● **DIRECTIONS**: Output exactly the lines below from the one containing "Whole Chicken Roast" to the last line, both included. Omit pictures.

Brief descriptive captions
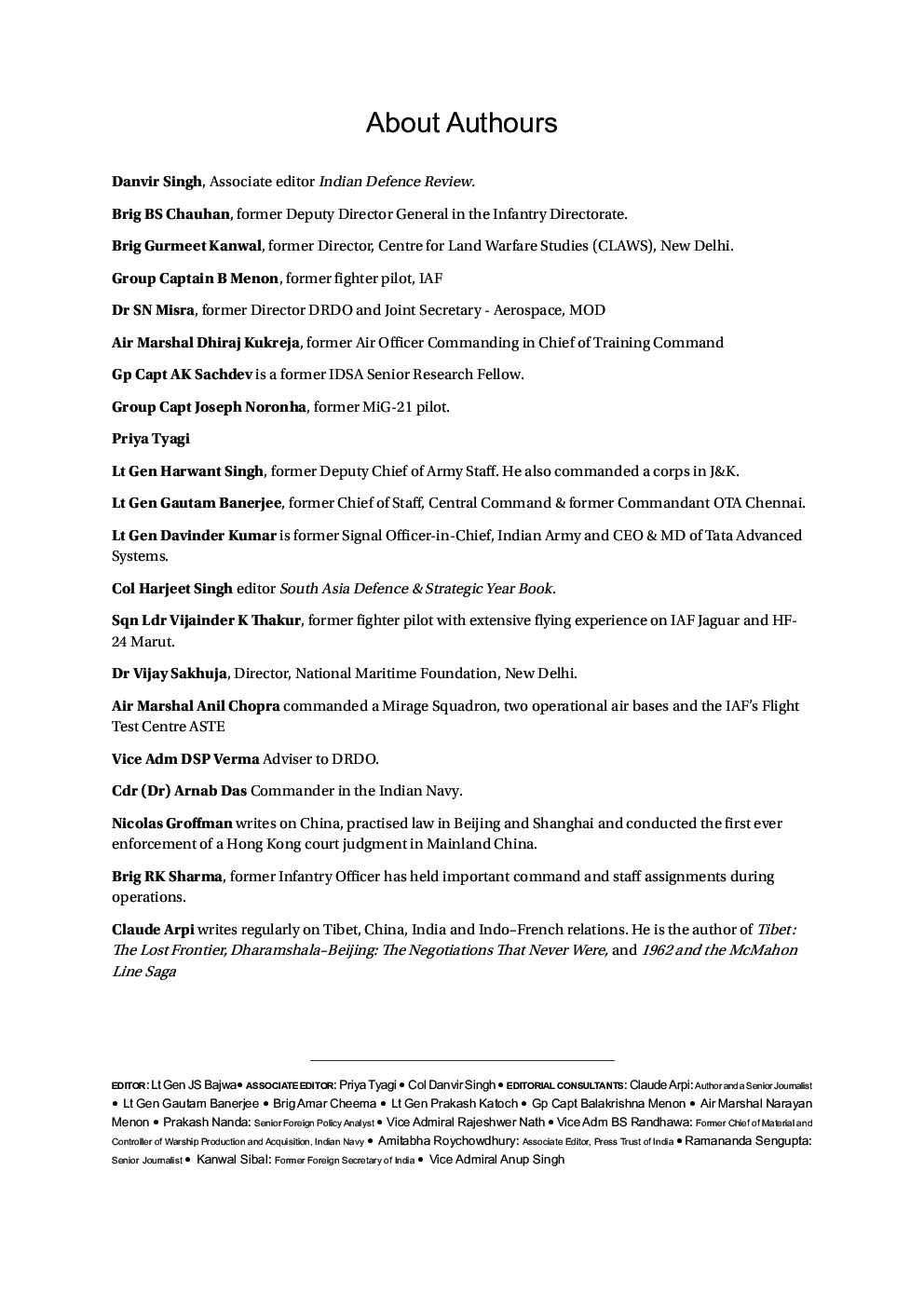 Indian Defence Review Apr-Jun 2015 (Vol 30.2) - Page 5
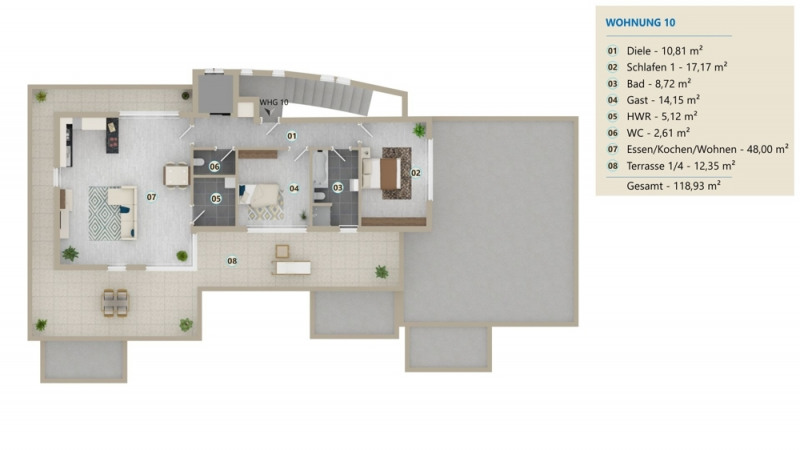 Grundriss Penthouse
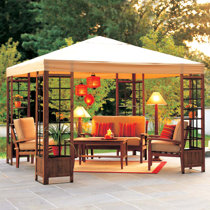 8x8 gazebo with mosquito netting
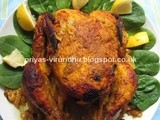 Whole Chicken Roast [With Indian Tandoori Masala]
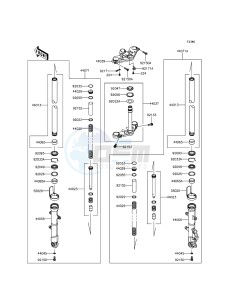 NINJA 300 EX300AGF XX (EU ME A(FRICA) drawing Front Fork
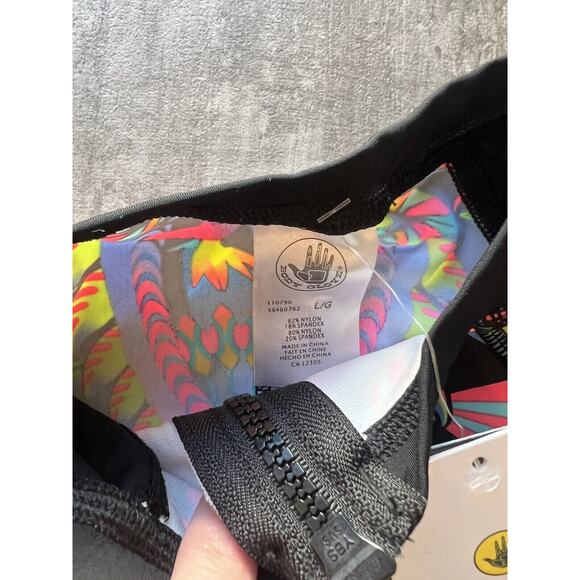 $128 BODY GLOVE Look At Me Stand Up Surf Suit Swimsuit Neon One Piece Zip L - Picture 3 of 9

● **YOUR SOLUTION**:
 Whole Chicken Roast [With Indian Tandoori Masala]
 NINJA 300 EX300AGF XX (EU ME A(FRICA) drawing Front Fork
 $128 BODY GLOVE Look At Me Stand Up Surf Suit Swimsuit Neon One Piece Zip L - Picture 3 of 9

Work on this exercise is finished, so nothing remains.